- ABOUT THIS TASK
Working from the entries that follow, transcribe exactly and only the lines from the one with "Photo Bouquet Charm" through the last, pictures excluded.

Caption-style text data

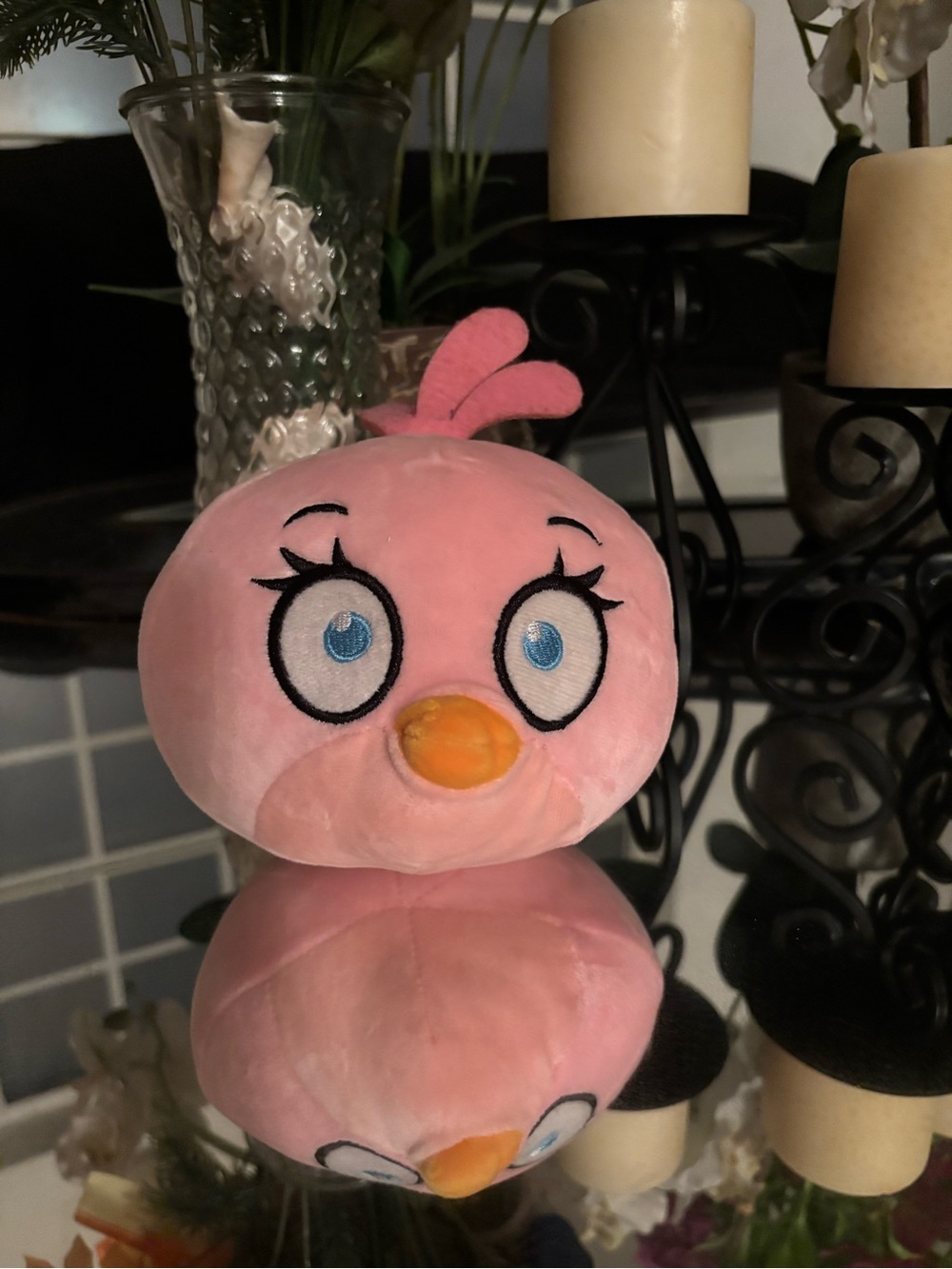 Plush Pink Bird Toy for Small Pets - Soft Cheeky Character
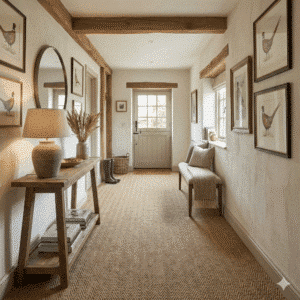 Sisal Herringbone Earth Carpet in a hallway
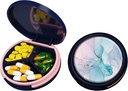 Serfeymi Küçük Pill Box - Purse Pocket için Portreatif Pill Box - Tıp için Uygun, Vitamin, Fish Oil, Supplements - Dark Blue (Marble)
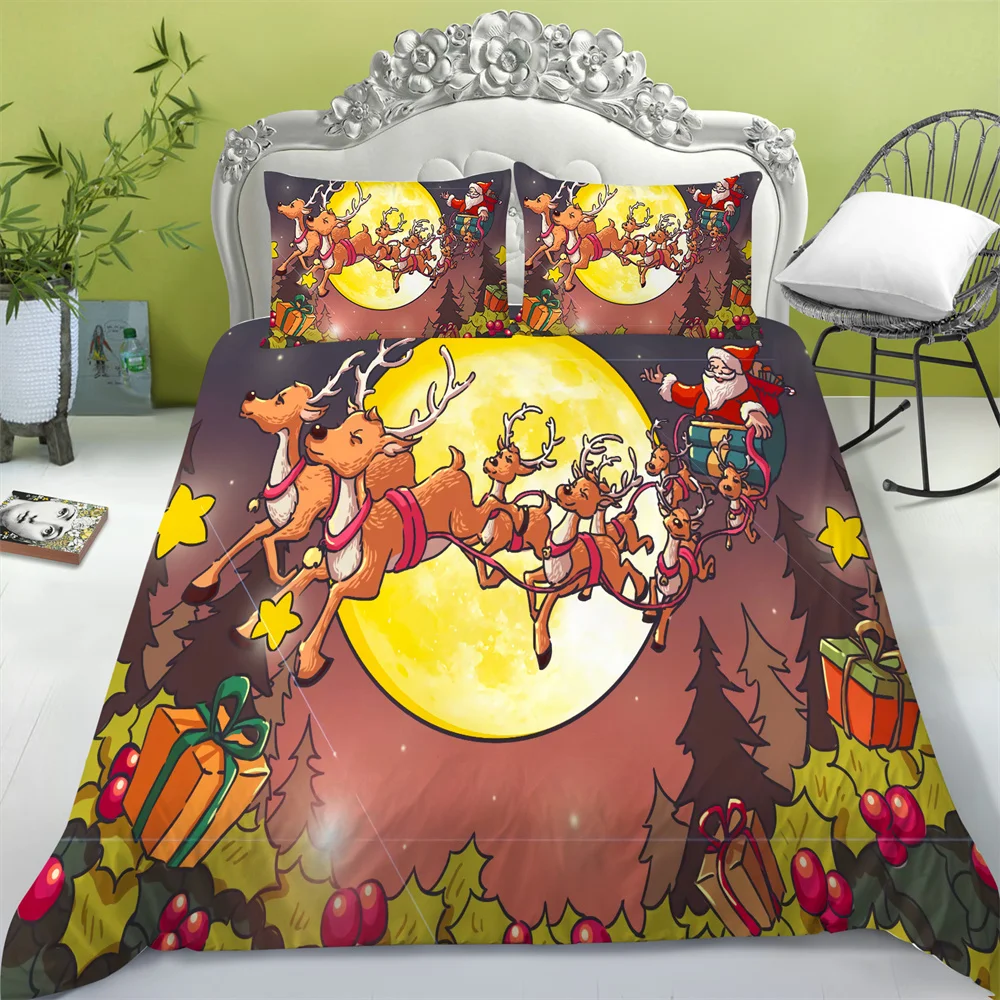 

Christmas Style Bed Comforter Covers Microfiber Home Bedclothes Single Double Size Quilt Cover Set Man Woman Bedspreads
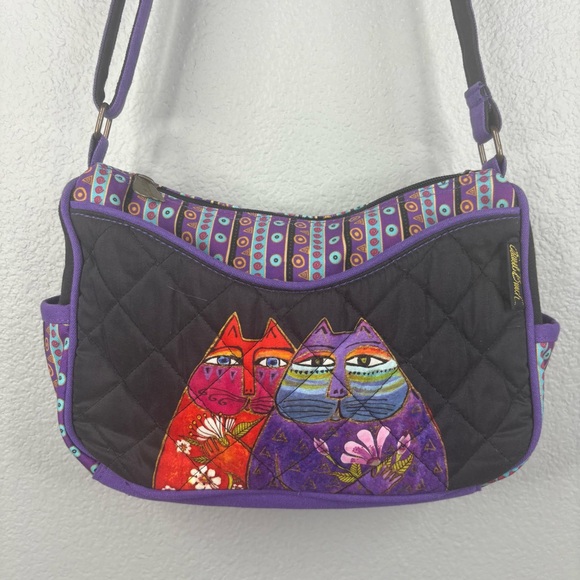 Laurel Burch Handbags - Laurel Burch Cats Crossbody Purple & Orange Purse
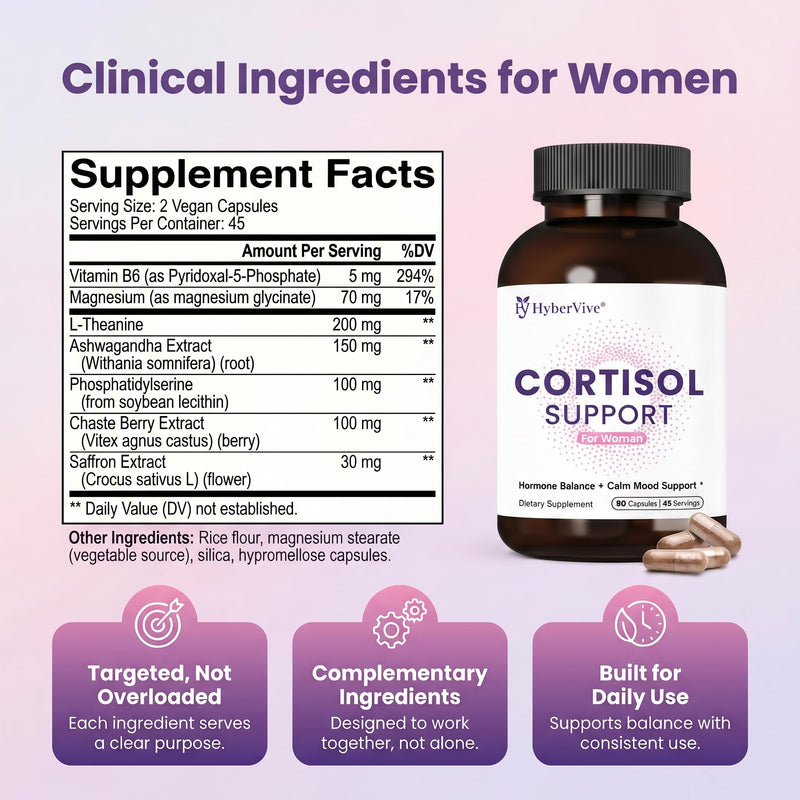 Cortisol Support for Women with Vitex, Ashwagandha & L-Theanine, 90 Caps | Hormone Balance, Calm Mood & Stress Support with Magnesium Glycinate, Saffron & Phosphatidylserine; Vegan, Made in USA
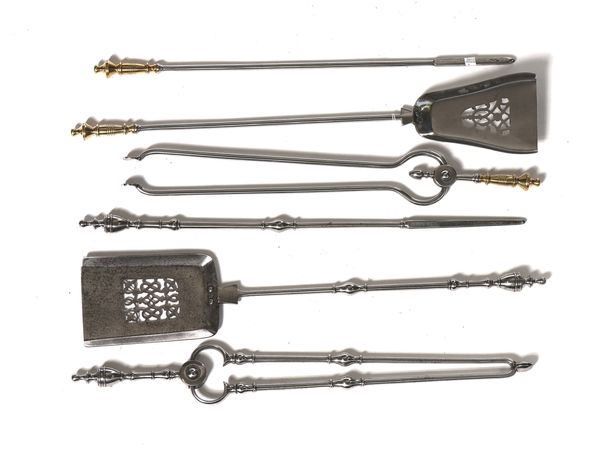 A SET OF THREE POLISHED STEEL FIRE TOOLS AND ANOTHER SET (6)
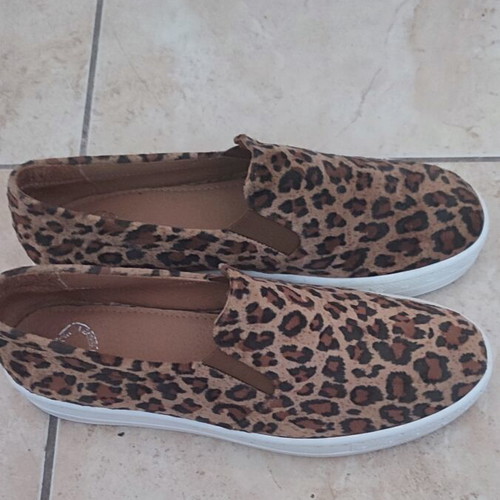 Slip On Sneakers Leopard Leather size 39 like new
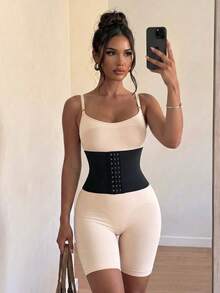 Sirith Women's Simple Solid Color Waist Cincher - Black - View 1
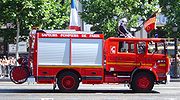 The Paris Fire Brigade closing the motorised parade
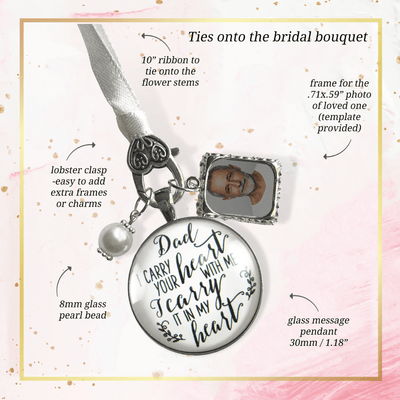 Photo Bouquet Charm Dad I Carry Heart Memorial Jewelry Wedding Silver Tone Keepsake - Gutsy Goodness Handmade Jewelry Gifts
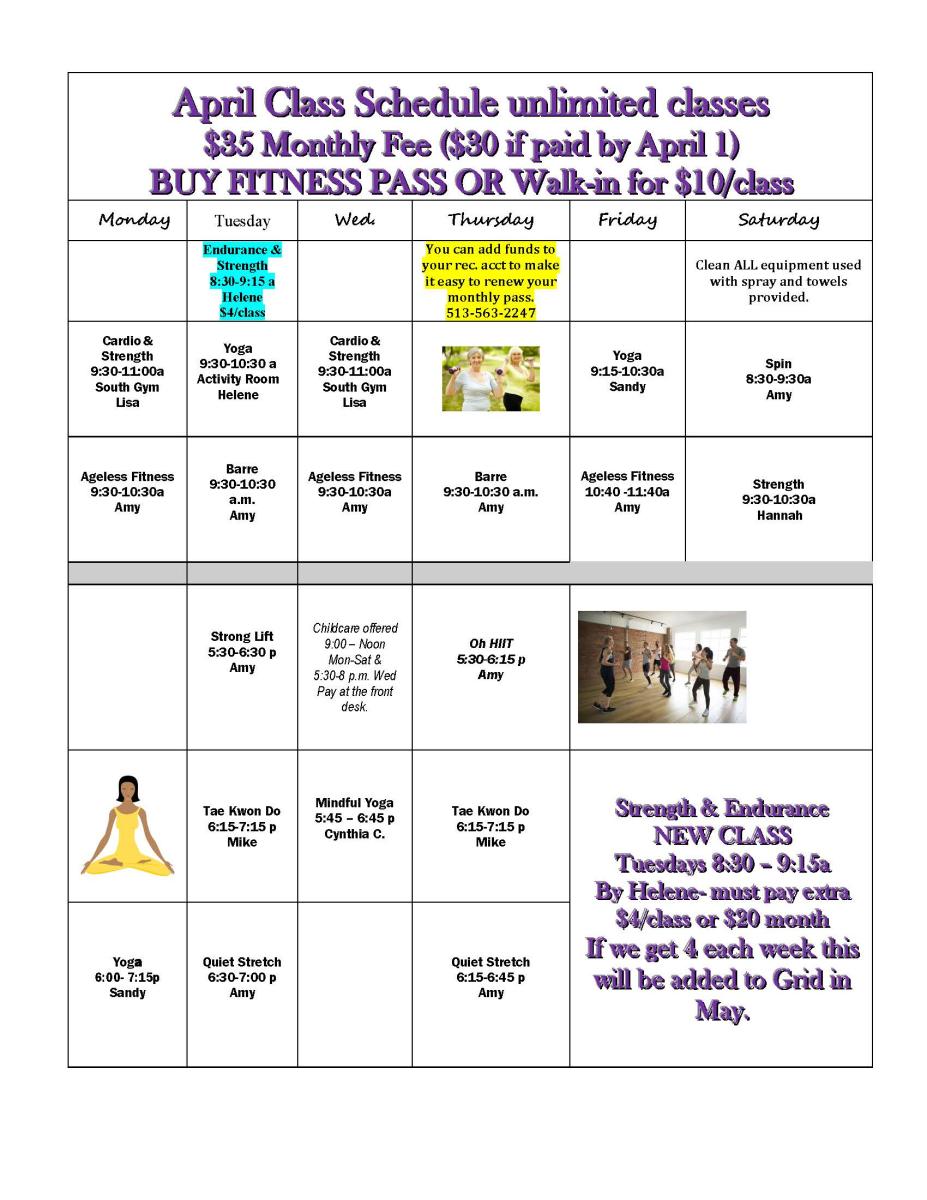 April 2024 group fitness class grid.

- ANSWER SPACE
 Photo Bouquet Charm Dad I Carry Heart Memorial Jewelry Wedding Silver Tone Keepsake - Gutsy Goodness Handmade Jewelry Gifts
 April 2024 group fitness class grid.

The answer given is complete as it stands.